On Photography (Sontag, 1979), is one of those titles that is so familiar I felt I knew it before I started. Alright so my first read of it was some years ago now but it has been an interesting reunion. I found I am now reading it wearing different lenses (excuse the pun!) and new aspects stand out for me.
Quite early on an issue struck quite hard, and I know it is something others have picked up on too. She talks of photography as being ‘as much an interpretation of the world, as paintings and drawings. A view that makes perfect sense to me. She then makes a link that has really got me thinking.
“There is an aggression implicit in every use of the camera.”

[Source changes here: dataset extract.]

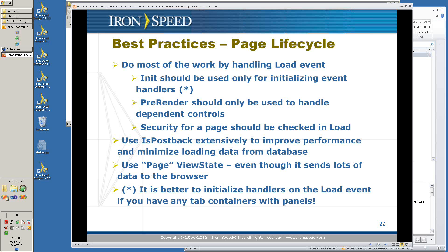The best practices for your page lifecycle: do most of the work by handling the load event. Init should be used only for initializing event handlers — with the caveat that it is better to initialize handlers on the load event if you have any tab containers in your panels. The pre-render should only be used to handle dependent controls. Security for a page should be checked and loaded in the load event — the authorized event, which does the checking in an IronSpeed Designer application, is in the load event. Use the page ViewState even though it sends a lot of data to the browser.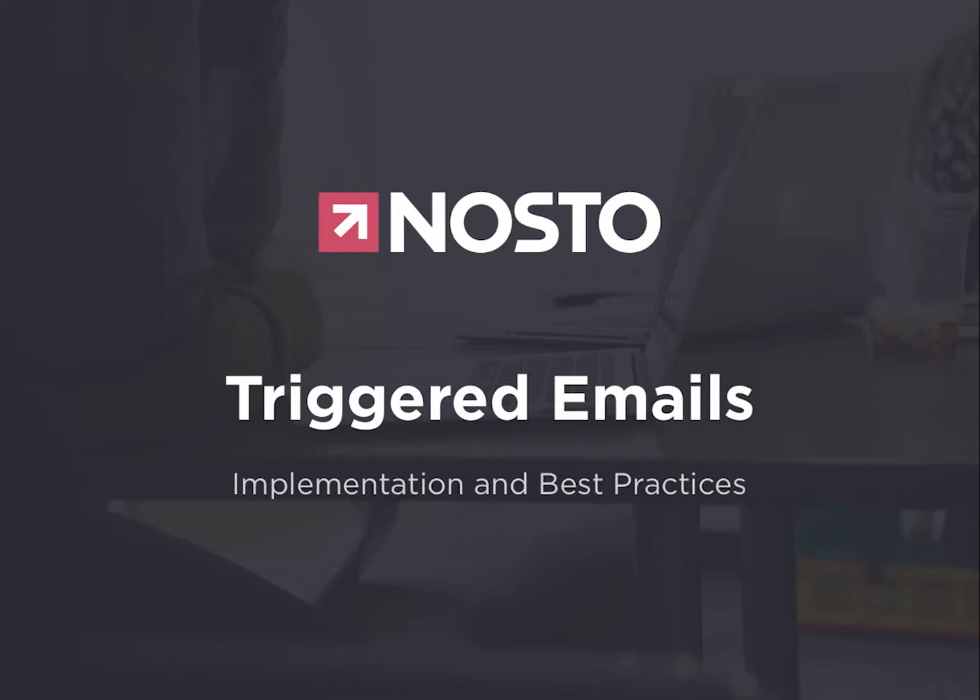Hi, my name is Jan from Nosto and I'm going to run you through the implementation process of the triggered emails. So Nosto features automatic triggered emails that you can use to retarget the customer to increase customer retention and customer lifetime value.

It is one of those statements that stops you in your tracks and certainly made me reflect on my approach to the ethics of photography. On closer reading I think she is referring primarily to photographing people, which I must admit is something I tend to shy away from. In part I guess because I loathe having my own photo taken – I never recognise the person looking back at me and I find it very discomforting.
Later in the chapter Sontag (1979: 14) goes on to say:
“To photograph people is to violate them, by seeing them as they never see themselves, by having knowledge for them they can never have; it turns people into objects that can be symbolically possessed.”
This notion sits within the metaphor of the camera as a ‘predatory weapon,’ (Sontag, 1979: 14) a distinctly powerful metaphor that ought to encourage careful reflection on what my camera is ‘aimed’ at and why.
References:
Sontag, S. (1979). On Photography. London: Penguin.